You're evaluating the expression incorrectly. But, yes, there's still a problem. Maybe |a - b| can't be expressed in terms of the hidden variable or maybe there's some simple fix. In either case, cos²|a - b| does give the correct result for all values of a, b and L.

Since this is an expression of Malus Law, then the question is: does Malus Law actually apply simply because we're analyzing identically polarized optical disturbances with crossed linear polarizers?

 

[DrChinese]

You're evaluating the expression incorrectly.

Ok, say we have:

A=0
B=0
L=45 degrees

p(A, heads) = cos^2(A-L) = .5
p(B, heads) = cos^2(A-L) = .5
p(A and B, heads) = .25

p(A, tails) = cos^2(A-L) = .5
p(B, tails) = cos^2(A-L) = .5
p(A and B, tails) = .25

Per your model, the matches will be .25 + .25 or 50% of the time.

But entangled A and B give both as matches 100% of the time.

 

[ThomasT]

You may as well say dogs quack*. Malus does not apply to your setup.

Actually, it applies whenever you're analyzing polarization.

If you apply Malus to A-L and to B-L, you don't also get Malus for A-B.

The application of Malus Law gives the correct results in the individual as well as joint contexts.
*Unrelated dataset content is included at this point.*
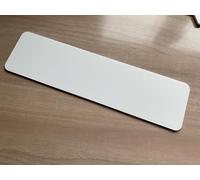 [WOOTTON INDUSTRIES LIMITED] Matt White Door Push Plate Rectangle 290mm x 75mm Self Adhesive - No Holes (Indoor Use)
Now, can we express the angular difference in terms of the hidden variable? If we can then we have a local hidden variable account. If not then we just have a local account.

 

[DrChinese]

Actually, it applies whenever you're analyzing polarization.

The application of Malus Law gives the correct results in the individual as well as joint contexts. Now, can we express the angular difference in terms of the hidden variable? If we can then we have a local hidden variable account. If not then we just have a local account.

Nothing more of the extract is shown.